I shot a doe one afternoon and called some friends to help drag it out, after dark. Long drag. They said they were on their way so I took all my gear and bow out to the truck, then went back in to wait, now dark. What I didn't know is my buddy got out on the Interstate and made his way to my stand, through the woods, in the dark. As I approached the dead dear, he jumps down from my stand and I just about crapped my pants! I'll bet he giggled the whole time sneaking through the woods too!
Those cougars got nothing on my buddies!


----------



## wampuscat (Jun 30, 2009)

*Black growlers*

Never know what's out there.


----------



## sotol buster (Oct 7, 2007)

Someone has to say it , Photoshop. If you look real close one feeder is shorter than the other. Just kidding . To cool pic, thanks for sharing.


----------



## btreybig (Jul 3, 2008)

Spooked up a group of pigs last weekend. Multiple growls, took a few steps back and they take off running. One nearly runs me over. Had to change my britches when I got back to camp. Always got thoughts going through my head on my way to the stand, thats why I always am packing heat with me.


----------



## mywifeshusband (Nov 19, 2006)

That was in Mexico and was posted here about a month ago by Mexhunter still a 2 cool pic


----------



## Capt.
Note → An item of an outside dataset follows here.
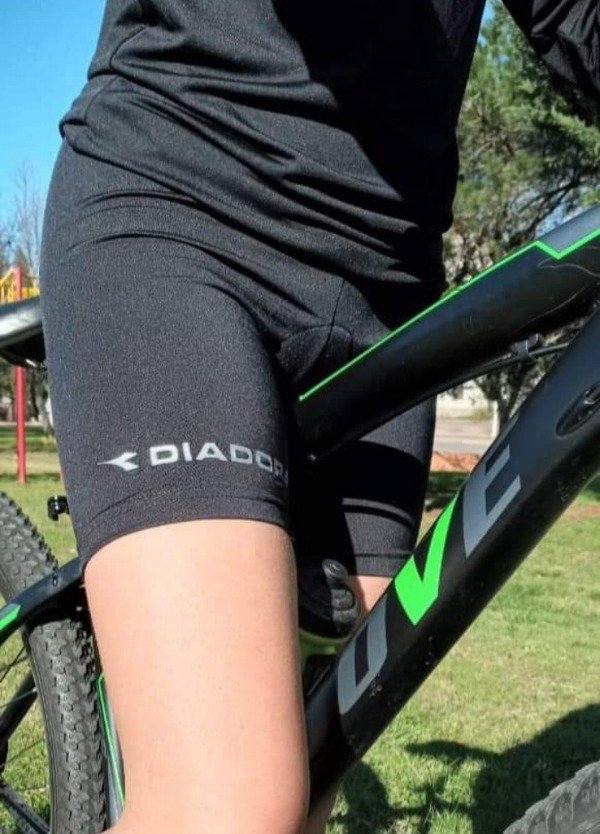 Producto - Calza corta ciclismo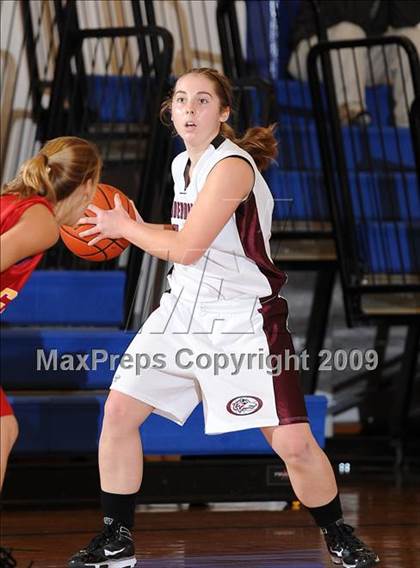 Thumbnail 2 in Chico vs. Woodcreek (Dorothy Speck Memorial) photogallery.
Marcus Canales (Aug 25, 2005)

i have to 3rd or 4th quail...i HATE walking in the dark...you ever seen a 360* headlamp....well, lets just say mine is always turning till i get to my stand!


----------



## TripleSranch (Jan 16, 2010)

*pic*



sotol buster said:


> Someone has to say it , Photoshop. If you look real close one feeder is shorter than the other. Just kidding . To cool pic, thanks for sharing.


And that pic before your post , you can clearly see the bear only has 3 legs.............LOL:rotfl:


----------



## Auer Power (Jun 16, 2009)

I've gotta go with hearing a rattler popping off in the dark on the way to the stand in Nov. when it's still warm out. UGhh, chills!


----------



## pg542 (Oct 9, 2006)

Near Brownwood Texas I climbed into a tree blind one morning. Everything quiet as a mouse, until I got comfortable and waiting on daylight.... Suddenly....The whole tree above my head exploded with roosting turkeys scattering every direction......I lost 5yrs. of the end of my life that morning, and maybe a pair of tighty whiteys.


----------



## Bucksnort (Jun 29, 2004)

I carry multiple weapons and plenty of ammo to the stand with me, just for times like these. My buddies know this so they don't go scarying the **** out of me. I don't mess with them either. Getting shot is not on my bucket list.


----------



## WillieT (Aug 25, 2010)

The only things I worried about were rattlesnakes and skunks.


----------



## HonkyFin (May 28, 2004)

Shareing a tree with a Screech Owl will have you running for Jesus purty quick !
those things let out the scariest sound i have ever heard.


----------



## waterspout (May 21, 2004)

HonkyFin said:


> Shareing a tree with a Screech Owl will have you running for Jesus purty quick !
> those things let out the scariest sound i have ever heard.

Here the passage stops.